> _SOURCE MATERIAL_:
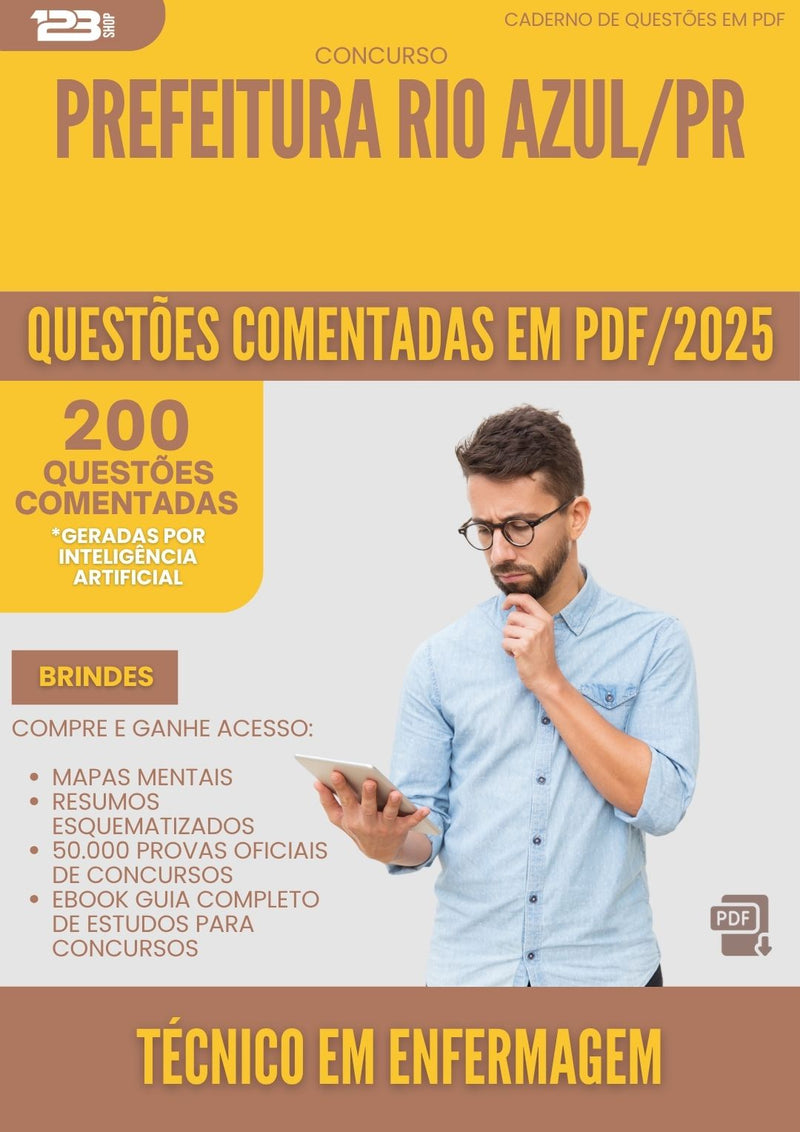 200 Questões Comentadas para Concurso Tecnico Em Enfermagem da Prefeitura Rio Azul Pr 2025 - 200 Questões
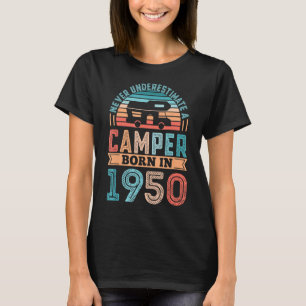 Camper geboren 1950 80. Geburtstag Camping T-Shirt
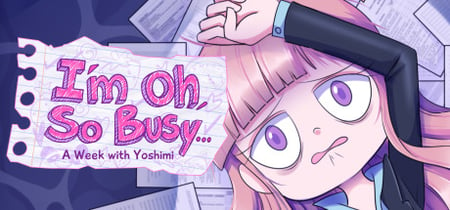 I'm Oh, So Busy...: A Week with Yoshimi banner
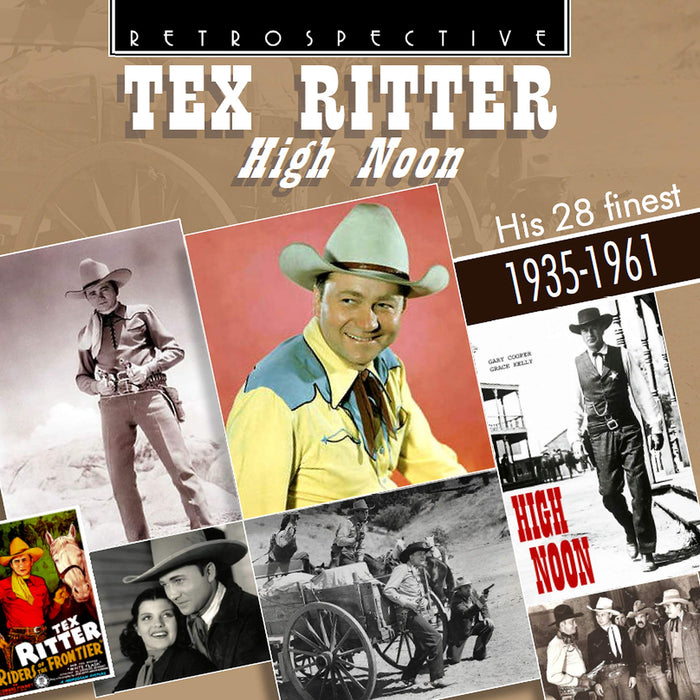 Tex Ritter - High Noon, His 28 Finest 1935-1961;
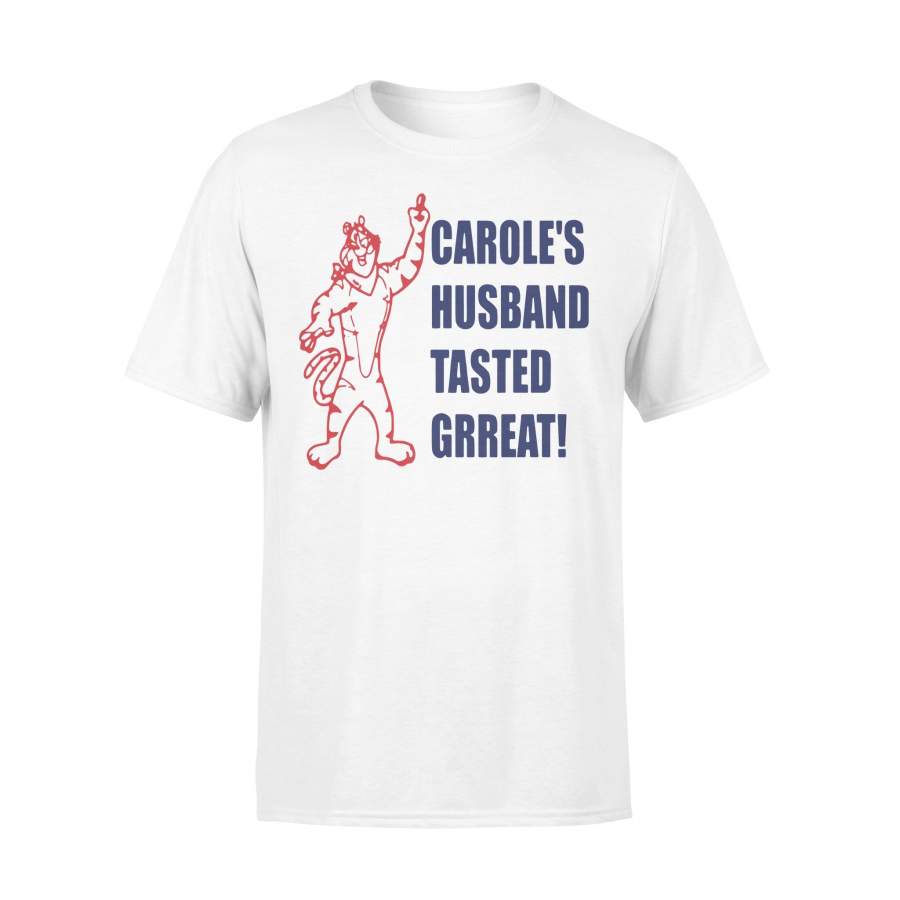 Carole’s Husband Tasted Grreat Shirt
--
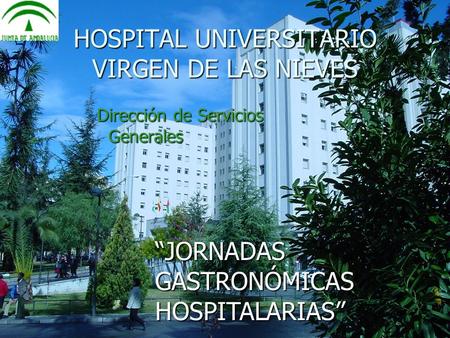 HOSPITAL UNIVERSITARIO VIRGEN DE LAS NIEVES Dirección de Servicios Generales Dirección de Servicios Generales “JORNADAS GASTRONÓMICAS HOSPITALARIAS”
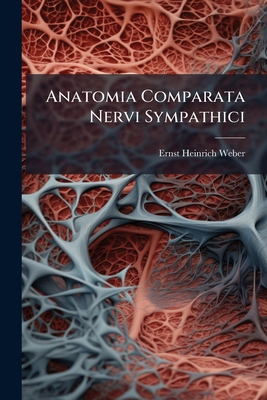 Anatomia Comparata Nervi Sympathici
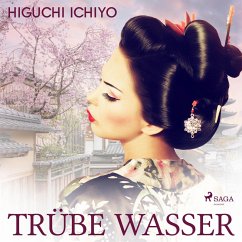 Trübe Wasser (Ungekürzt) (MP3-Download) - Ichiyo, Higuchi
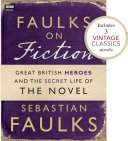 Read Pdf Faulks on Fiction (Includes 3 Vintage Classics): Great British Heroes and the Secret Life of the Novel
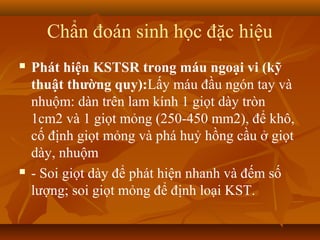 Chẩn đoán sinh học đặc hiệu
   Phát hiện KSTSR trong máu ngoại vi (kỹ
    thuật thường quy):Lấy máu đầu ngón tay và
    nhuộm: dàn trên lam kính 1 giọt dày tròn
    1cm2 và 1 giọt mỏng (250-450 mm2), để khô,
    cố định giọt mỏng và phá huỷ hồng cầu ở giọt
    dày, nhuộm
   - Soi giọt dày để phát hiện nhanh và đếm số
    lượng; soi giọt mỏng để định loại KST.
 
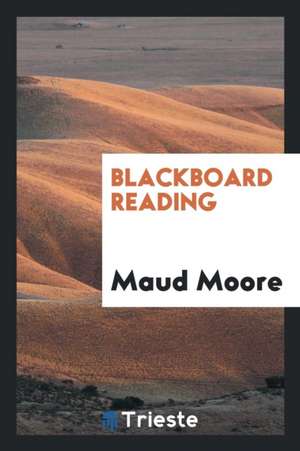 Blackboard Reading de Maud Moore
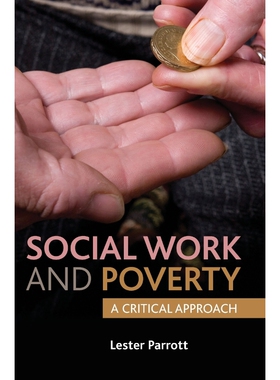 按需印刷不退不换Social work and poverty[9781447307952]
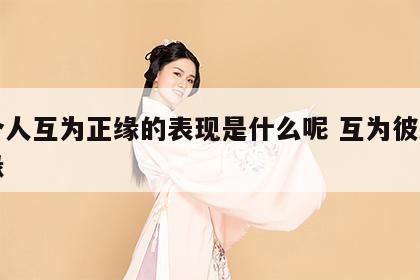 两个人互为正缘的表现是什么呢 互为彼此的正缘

> _AIM OF THE TASK_:
When you reach the line containing "HOSPITAL UNIVERSITARIO VIRGEN" in the entries above, begin restating word for word, and stop once the line containing "两个人互为正缘的表现是什么呢 互为彼此的正缘" has been given. Omit the pictures.

> _ANSWER TO THIS PROBLEM_:
 HOSPITAL UNIVERSITARIO VIRGEN DE LAS NIEVES Dirección de Servicios Generales Dirección de Servicios Generales “JORNADAS GASTRONÓMICAS HOSPITALARIAS”
 Anatomia Comparata Nervi Sympathici
 Trübe Wasser (Ungekürzt) (MP3-Download) - Ichiyo, Higuchi
 Read Pdf Faulks on Fiction (Includes 3 Vintage Classics): Great British Heroes and the Secret Life of the Novel
 Chẩn đoán sinh học đặc hiệu
   Phát hiện KSTSR trong máu ngoại vi (kỹ
    thuật thường quy):Lấy máu đầu ngón tay và
    nhuộm: dàn trên lam kính 1 giọt dày tròn
    1cm2 và 1 giọt mỏng (250-450 mm2), để khô,
    cố định giọt mỏng và phá huỷ hồng cầu ở giọt
    dày, nhuộm
   - Soi giọt dày để phát hiện nhanh và đếm số
    lượng; soi giọt mỏng để định loại KST.
 
 Blackboard Reading de Maud Moore
 按需印刷不退不换Social work and poverty[9781447307952]
 两个人互为正缘的表现是什么呢 互为彼此的正缘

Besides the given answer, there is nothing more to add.